** Material for the task follows **
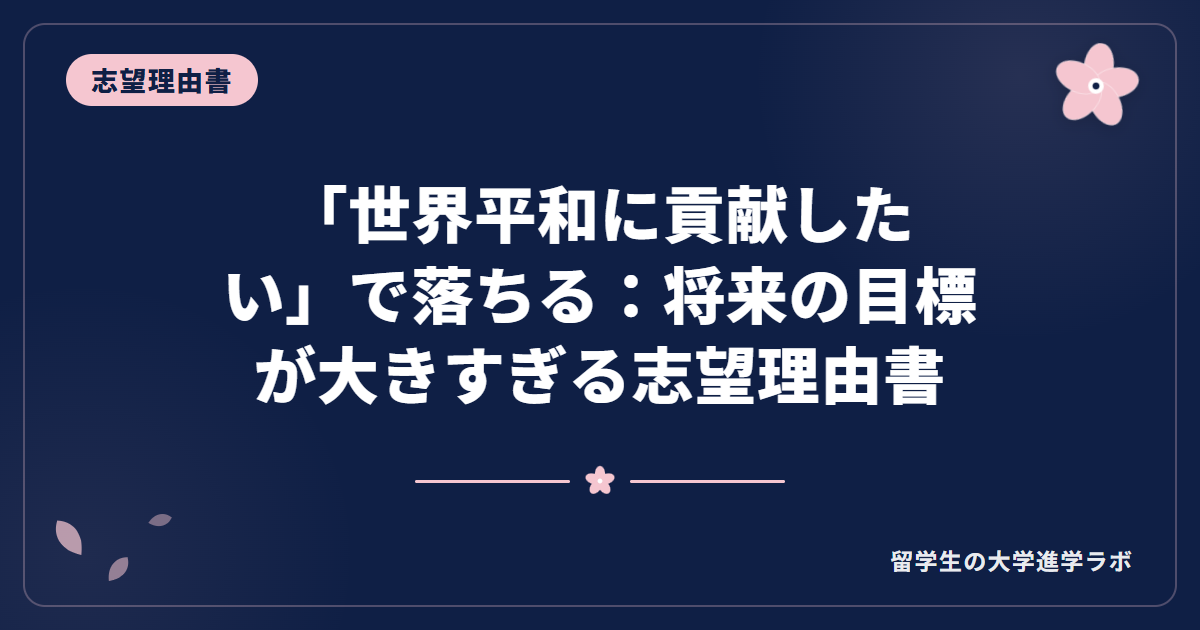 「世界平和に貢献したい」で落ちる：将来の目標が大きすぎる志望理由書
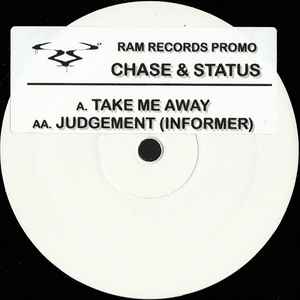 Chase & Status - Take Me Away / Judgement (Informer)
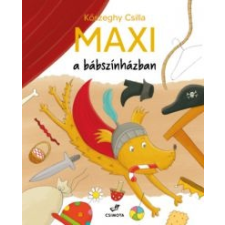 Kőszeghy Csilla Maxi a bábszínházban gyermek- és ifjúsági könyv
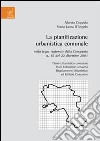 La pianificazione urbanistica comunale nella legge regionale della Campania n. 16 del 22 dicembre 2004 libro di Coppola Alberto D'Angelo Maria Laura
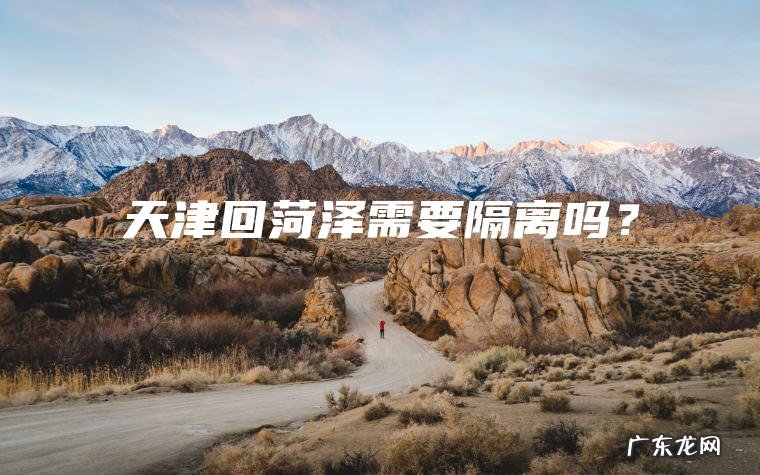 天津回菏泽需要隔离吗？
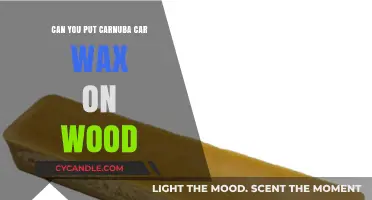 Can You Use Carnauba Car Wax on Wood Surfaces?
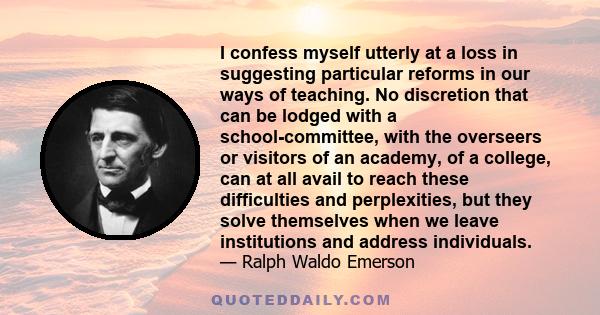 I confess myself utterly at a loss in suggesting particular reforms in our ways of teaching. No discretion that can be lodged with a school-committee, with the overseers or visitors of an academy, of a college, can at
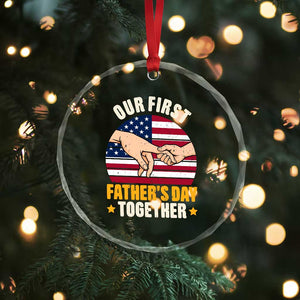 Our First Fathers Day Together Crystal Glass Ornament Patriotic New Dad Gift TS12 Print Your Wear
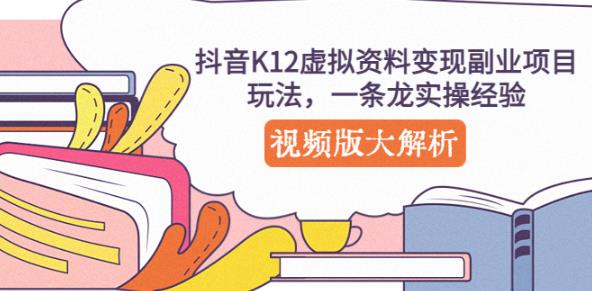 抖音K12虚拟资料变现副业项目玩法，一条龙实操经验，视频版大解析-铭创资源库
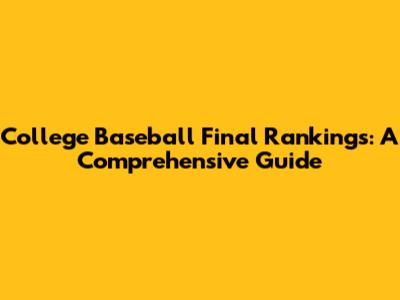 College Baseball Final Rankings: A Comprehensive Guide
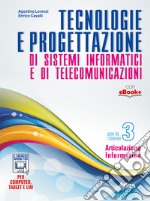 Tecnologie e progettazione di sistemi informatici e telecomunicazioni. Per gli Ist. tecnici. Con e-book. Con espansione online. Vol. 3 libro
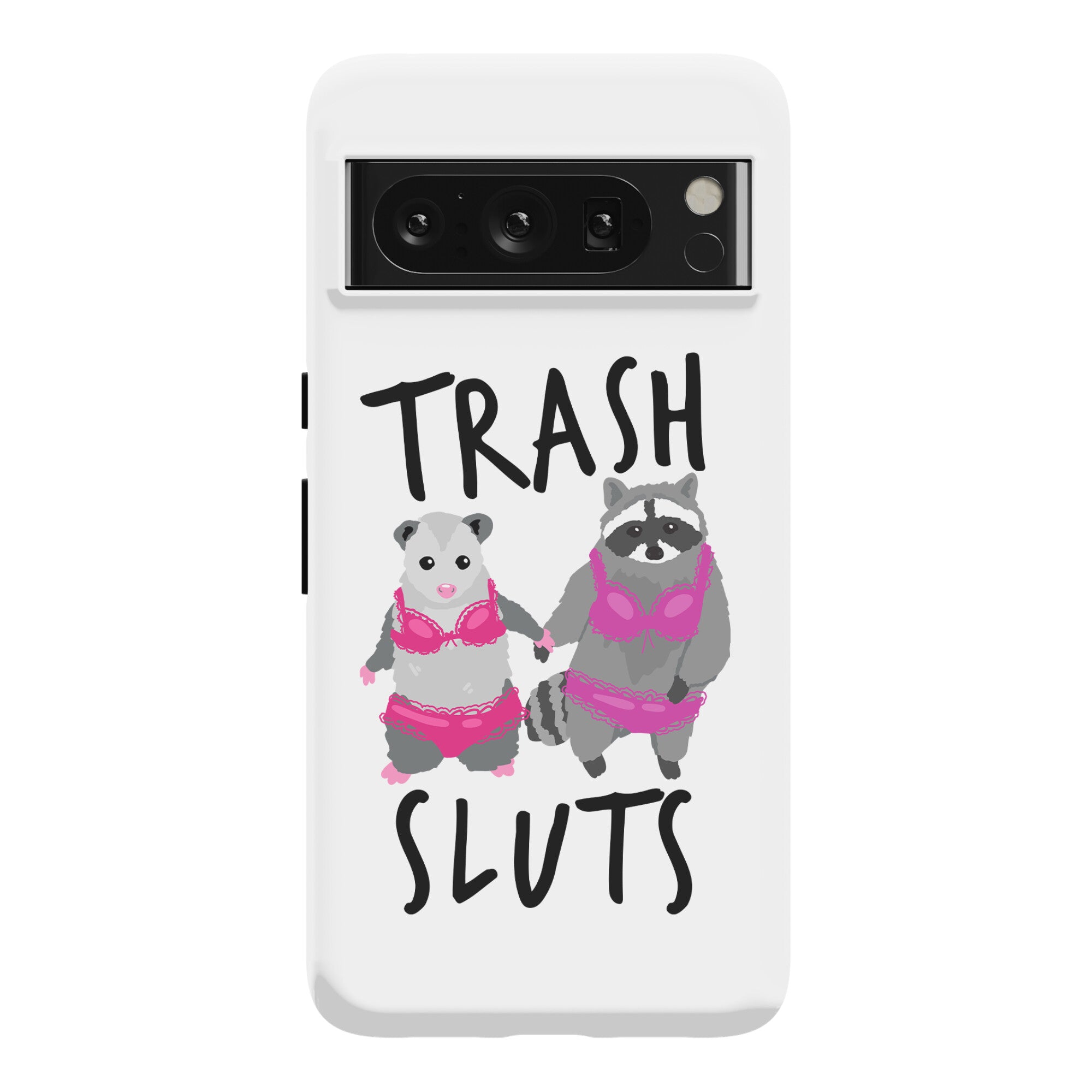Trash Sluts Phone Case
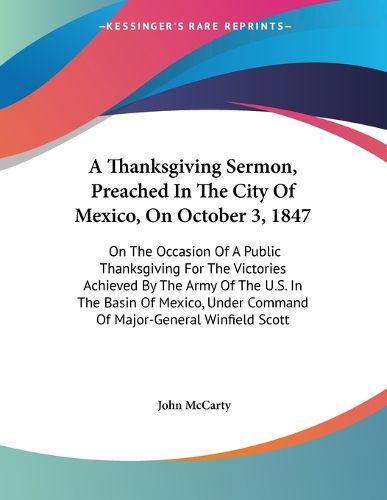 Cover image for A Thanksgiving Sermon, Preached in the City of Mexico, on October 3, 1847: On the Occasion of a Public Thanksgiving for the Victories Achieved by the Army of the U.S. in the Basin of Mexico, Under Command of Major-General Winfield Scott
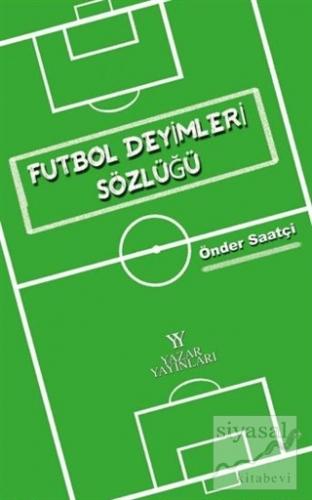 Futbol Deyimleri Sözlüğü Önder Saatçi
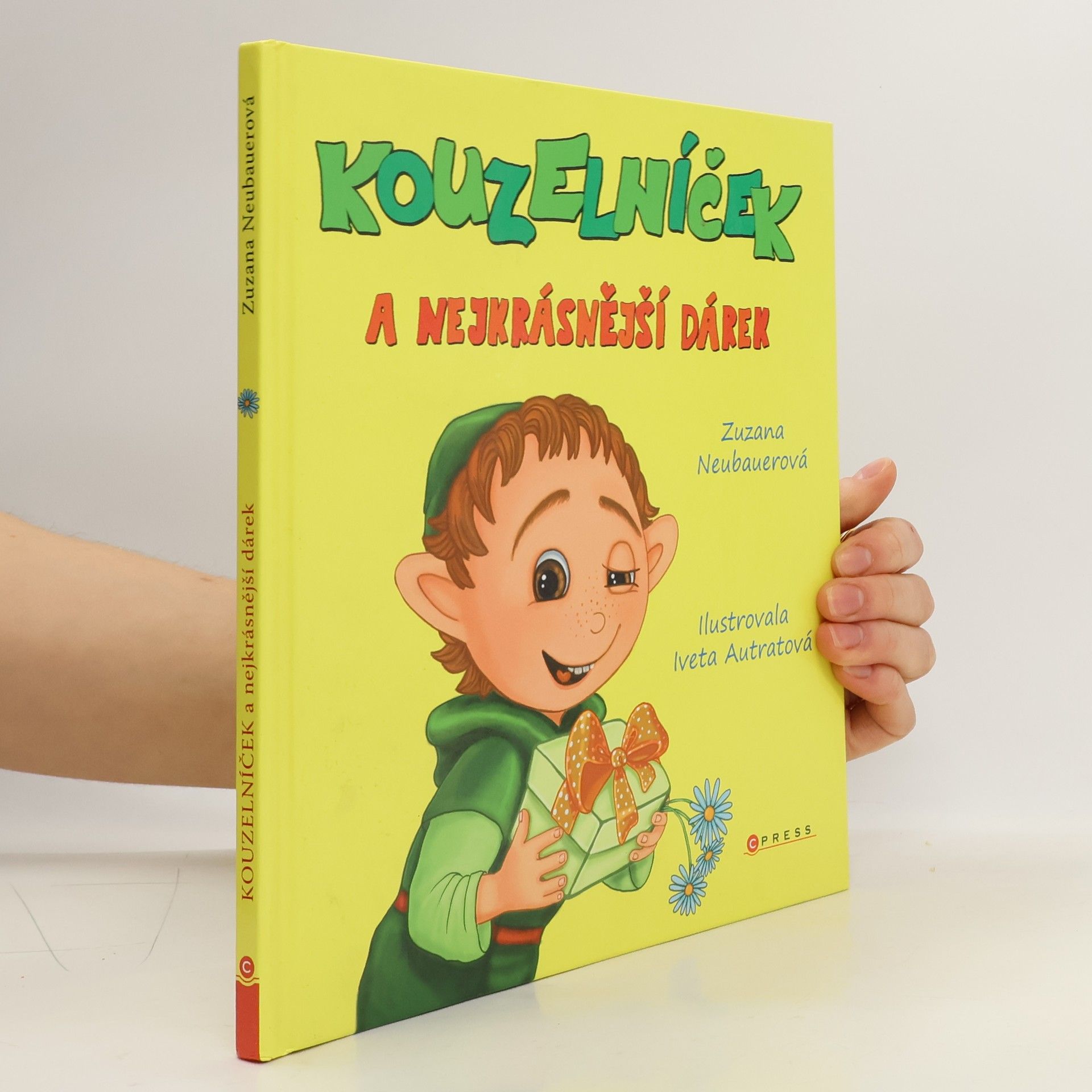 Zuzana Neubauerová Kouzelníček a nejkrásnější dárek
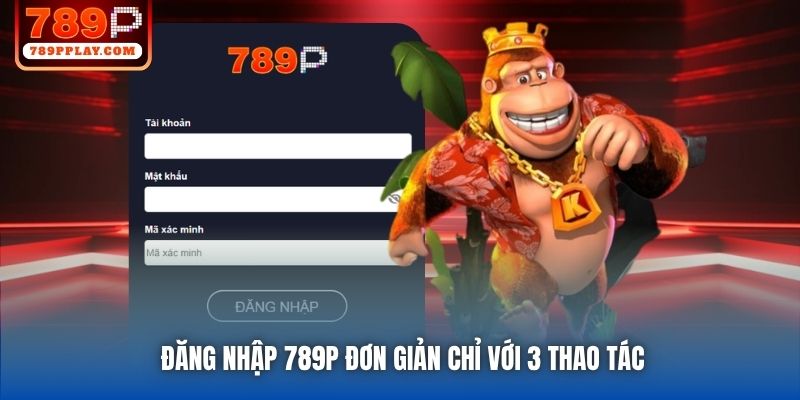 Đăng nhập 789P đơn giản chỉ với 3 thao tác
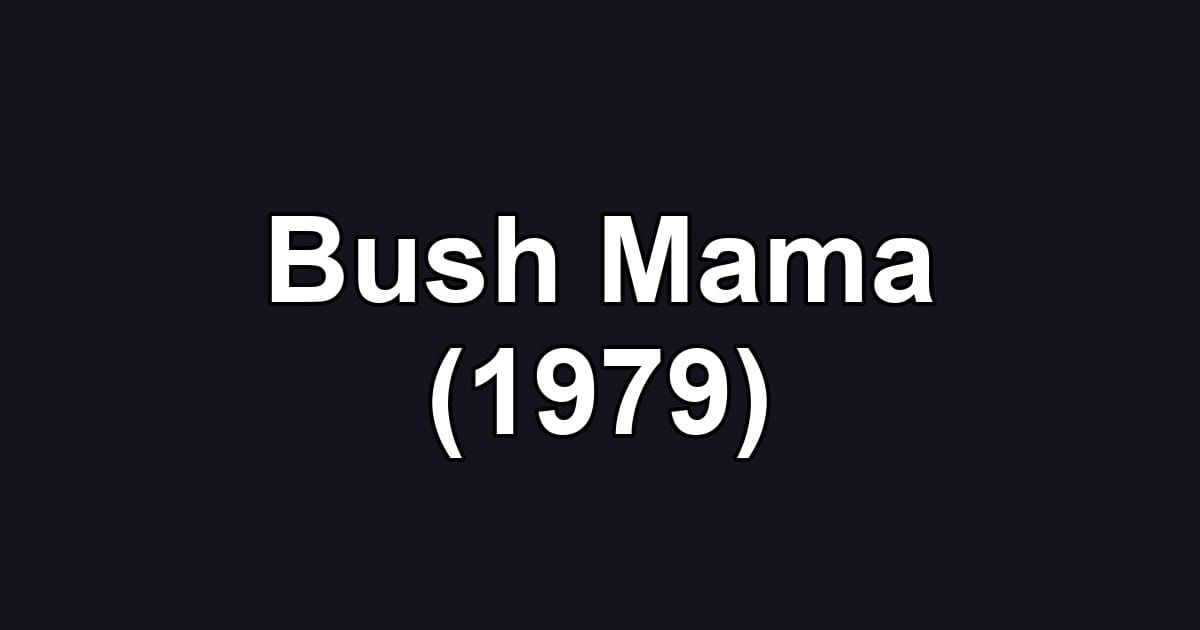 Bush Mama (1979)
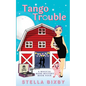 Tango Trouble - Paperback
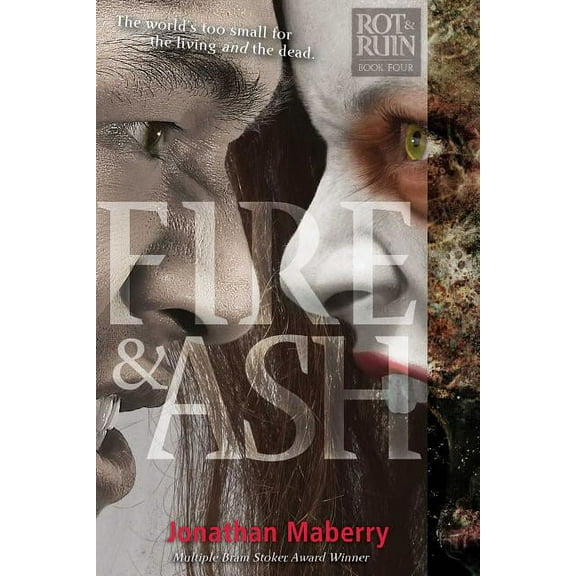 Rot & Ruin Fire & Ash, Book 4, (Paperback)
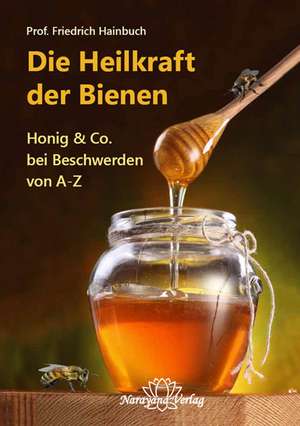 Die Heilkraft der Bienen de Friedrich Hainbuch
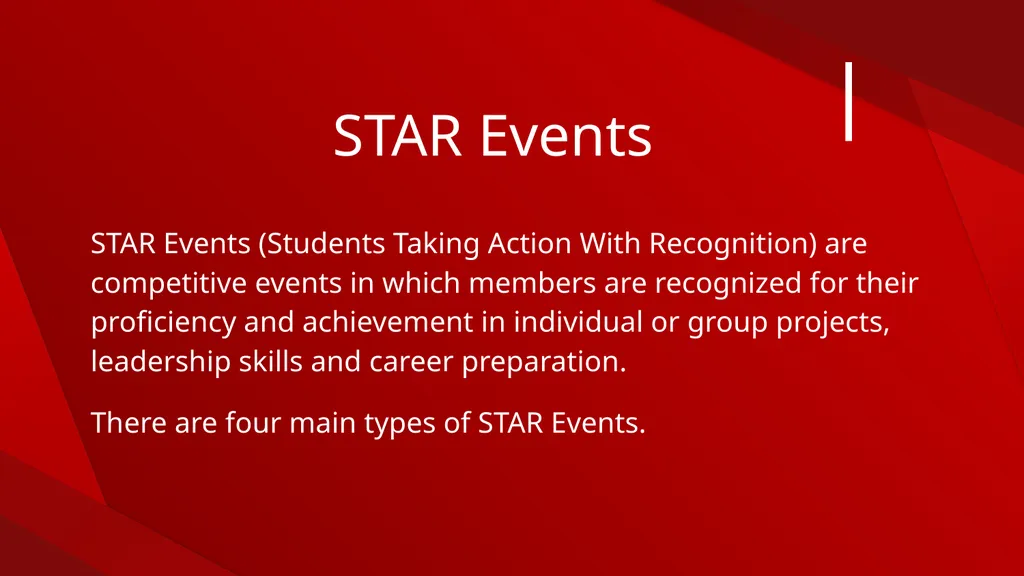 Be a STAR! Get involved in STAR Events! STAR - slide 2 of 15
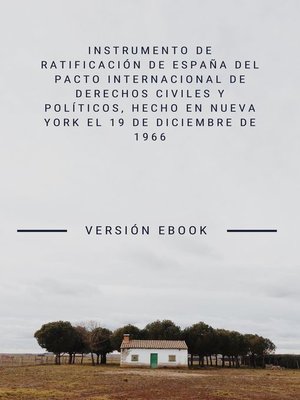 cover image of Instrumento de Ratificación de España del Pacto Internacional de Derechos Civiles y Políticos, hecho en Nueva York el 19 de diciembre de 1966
** End of Material for the task **
What the exercise asks: Output the span from the line with "Bush Mama (1979)" through the last line of the data, inclusive and exact, and omit every picture.

Written reply:
 Bush Mama (1979)
 Tango Trouble - Paperback
 Rot & Ruin Fire & Ash, Book 4, (Paperback)
 Die Heilkraft der Bienen de Friedrich Hainbuch
 Be a STAR! Get involved in STAR Events! STAR - slide 2 of 15
 cover image of Instrumento de Ratificación de España del Pacto Internacional de Derechos Civiles y Políticos, hecho en Nueva York el 19 de diciembre de 1966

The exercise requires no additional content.